COVID 19 Tech

Gov’t watchdog slams federal COVID response, puts HHS on “high risk” list

(L-R) Dr. Rochelle Walensky, Director of the Centers for Disease Control and Prevention, Dr. Anthony Fauci, Director of the National Institute of Allergy and Infectious Diseases and chief medical adviser to the President, Dr. Janet Woodcock, acting commissioner of the Food and Drug Administration, and Dawn O'Connell, assistant HHS secretary for preparedness and response, testify during a Senate Health, Education, Labor, and Pensions Committee hearing on Capitol Hill on January 11, 2022 in Washington, D.C.

Enlarge / (L-R) Dr. Rochelle Walensky, Director of the Centers for Disease Control and Prevention, Dr. Anthony Fauci, Director of the National Institute of Allergy and Infectious Diseases and chief medical adviser to the President, Dr. Janet Woodcock, acting commissioner of the Food and Drug Administration, and Dawn O’Connell, assistant HHS secretary for preparedness and response, testify during a Senate Health, Education, Labor, and Pensions Committee hearing on Capitol Hill on January 11, 2022 in Washington, D.C. (credit: Getty | Pool)

The US Health and Human Service Department has botched multiple aspects of its COVID-19 pandemic response, and those failures can be linked back to long-standing leadership and preparedness deficiencies the department has failed to address for more than a decade, according to a new report by the Government Accountability Office.

“These deficiencies have hindered the nation’s response to the current COVID-19 pandemic and a variety of past threats, including other infectious diseases—such as the H1N1 influenza pandemic, Zika, and Ebola—and extreme weather events, such as hurricanes,” the GAO concluded.
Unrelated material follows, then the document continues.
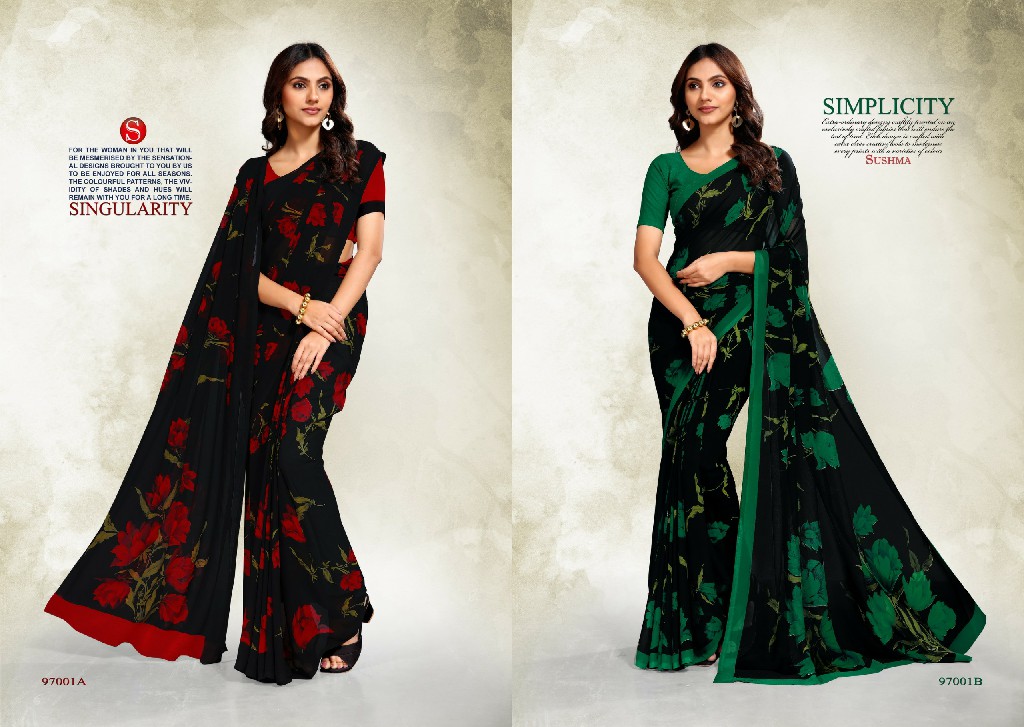 SUSHMA CRAZE CLASS WHOLESALE CRAZE PRINTED DAILY WEAR INDIAN SAREES FOR WOMEN ONLINE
The new report, released Thursday, is the GAO’s ninth assessment of the federal response to the COVID-19 pandemic, and it lays out a series of deficiencies it found at the HHS. But the GAO also emphasizes that it has been here before with the HHS, which encompasses the Centers for Disease Control and Prevention, the Food and Drug Administration, the National Institutes of Health, and the Office of the Assistant Secretary for Preparedness and Response (ASPR), among other components. Since 2007, GAO has given the HHS 115 recommendations for how it can improve its leadership and coordination of public health emergency responses—and the HHS has yet to address 72 of them.